Totally wild: postcards from the Gulf

Huw Morgan

Four CSIRO researchers recently took part in a field trip to a unique, private nature reserve abutting the Gulf of Carpentaria. The 305,000-hectare Pungalina–Seven Emu reserve is the result of a partnership between the Australian Wildlife Conservancy (AWC) and indigenous landowner, Frank Shadforth, a Garawa man.

Eric Vanderduys (centre), Anders Zimny (left) and Gen Perkins (right) discuss the defining features of the Gulf’s largest reptile – saltwater crocs.
Credit: Justin Perry

The Townsville-based researchers – Gen Perkins, Justin Perry, Eric Vanderduys and Anders Zimny – packed up their wildlife traps, swags, quad-bikes and pushbikes in late June and headed north-west to participate in the Royal Geographical Society of Queensland's (RGSQ) 2012 scientific study at Pungalina–Seven Emu.

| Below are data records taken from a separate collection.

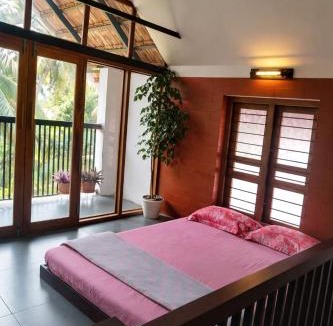 Kozhikode House | Maleyam Homestay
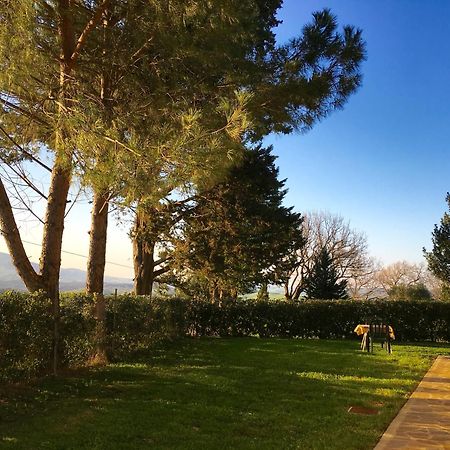Agriturismo L'Antica Quercia Помаранче Екстериор снимка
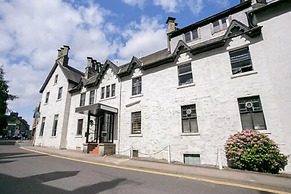 The Breadalbane Arms Hotel (Room Only)
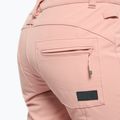 Pantaloni de snowboard pentru femei ROXY Rising High 2021 mellow rose 6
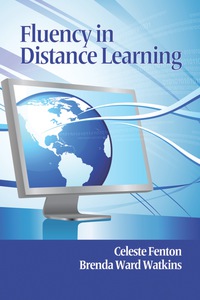 Cover image: Fluency In Distance Learning 9781617350009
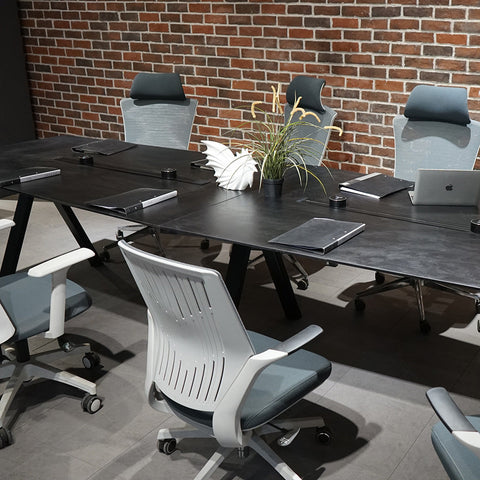 DOLAN Conference Table 3.6M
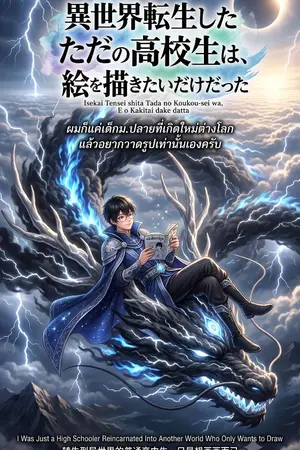 ISEKAI Draw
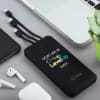 Personalized Englow Power Bank Online
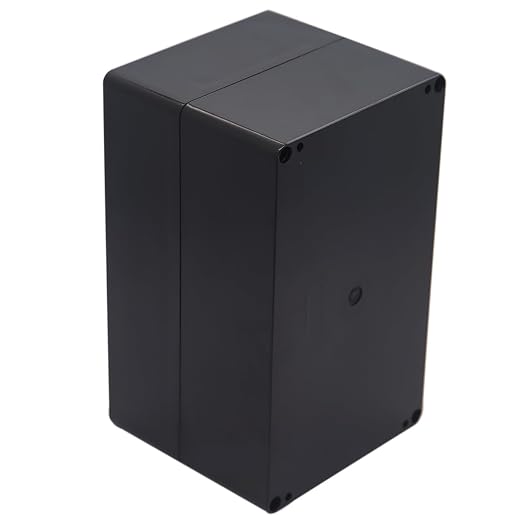 Project Box IP65 Waterproof Junction Box ABS Plastic Electrical Boxes DIY - Image 5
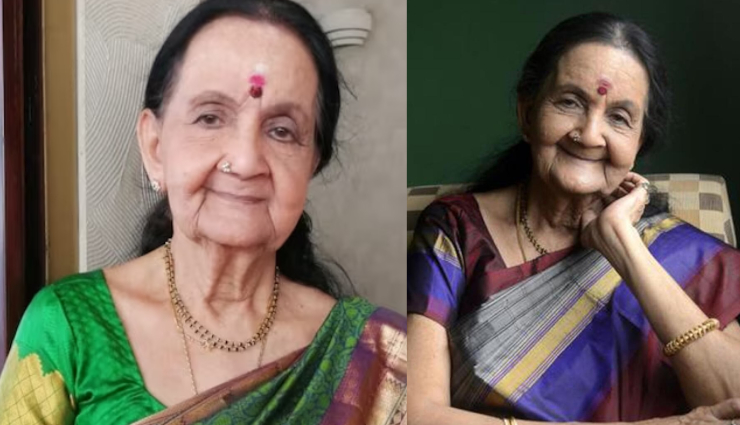 नहीं रहीं मशहूर एक्ट्रेस आर. सुब्बालक्ष्मी, फिल्मों में दादी के रूप में थीं लोकप्रिय, सुशांत के साथ भी किया था काम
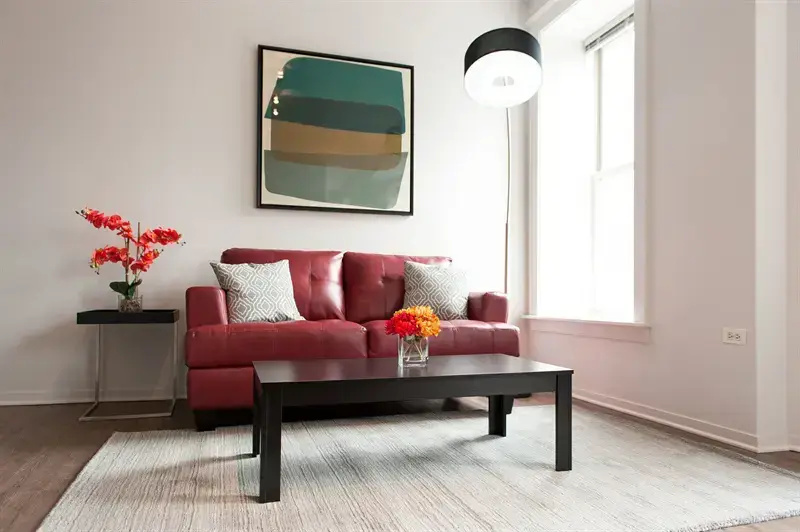 Bright 1BR in the South Loop by Sonder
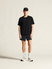 Tricou alergare Craft Hypervent Tee - galben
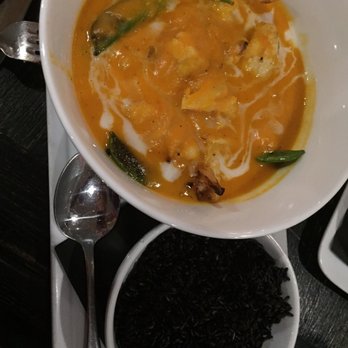SunCafe - Curry special with black rice - so good! - Vegan Near Me - Studio City, California SunCafe - Curry special with black rice - so good! - Vegan Near Me - Studio City, California
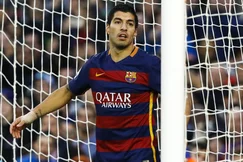 Mercato - Barcelone : Les dessous de la rencontre entre l’agent de Suarez et le Barça !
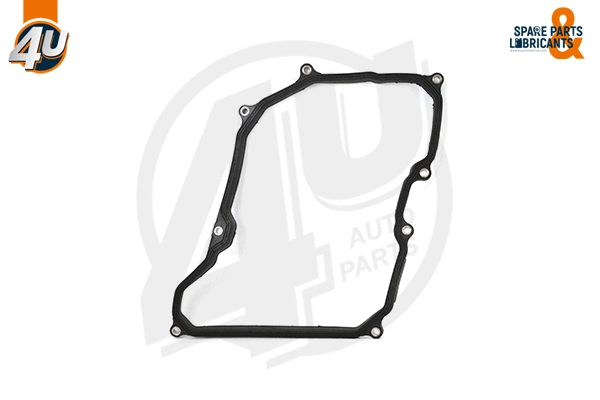 Gasket, automatic transmission oil sump (16632VV)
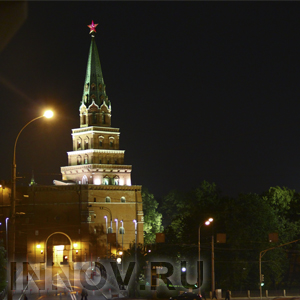 Сегодня ночью четверо азиатов ограбили храм в Москве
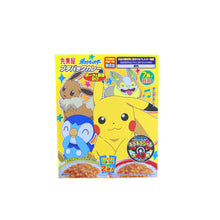 Carregar imagem no visualizador da galeria, Salsa de Curry Pokemon Japones Instantáneo 2x60g Wanmeiwu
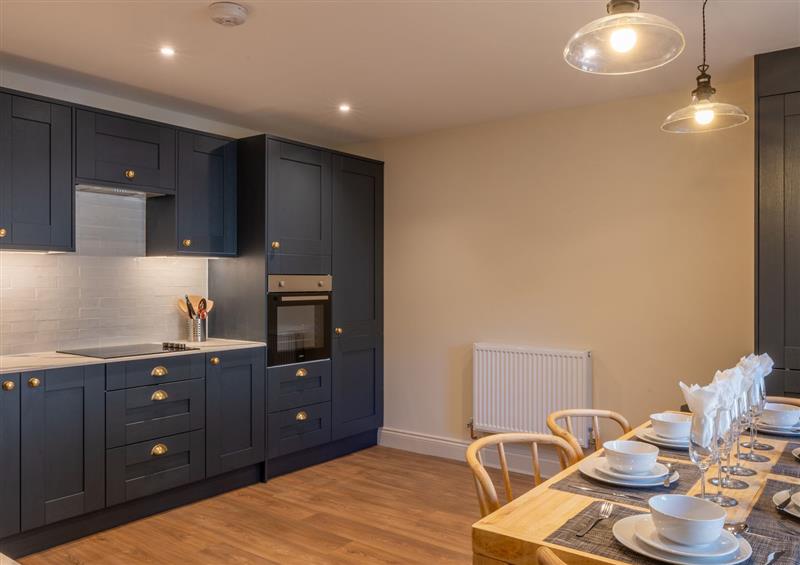 Kitchen (photo 3) at Cunsey Mill House, Cunsey near Hawkshead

The purpose of the RGSQ studies is to get researchers from a range of disciplines together to gather as much data about a (remote) area as possible. RGSQ looks after the logistics; the researchers look after their area of expertise. The data collected will add to AWC's understanding of biodiversity on Pungalina–Seven Emu and help contribute to the conservation and management of the property.

The Gulf of Carpentaria reserve has an incredibly diverse range of habitats, including coastal mangroves and salt flats, dune rainforests, paperbark swamps, tall eucalypt woodlands and low Spinifex-covered sandstone escarpments.

The team spent two weeks exploring these habitats and documenting terrestrial vertebrate species: birds, mammals, reptiles and amphibians.

Despite the tropical location, the weather was cold (down to 4°C on some nights) during the field trip, which reduced animal activity. Nevertheless, the team found at least 147 vertebrate species, including the very restricted, poorly known and vulnerable Carpentarian pseudantechinus (Pseudantechinus mimulus), the vulnerable ghost bat (Australia's largest predatory bat), and one or two new species of lizard.

Here’s a sample of what they found...

A striped skink from the genus Ctenotus. This may be a new species.
Credit: Eric Vanderduys

The very rare Carpentarian pseudantechinus.
Credit: Anders Zimny

The aptly named ghost bat.
Credit: Eric Vanderduys

A burrowing skink called Lerista. This is probably a new species.
Credit: Anders Zimny

Examining part of a haul of 12 goannas of two species caught in under an hour.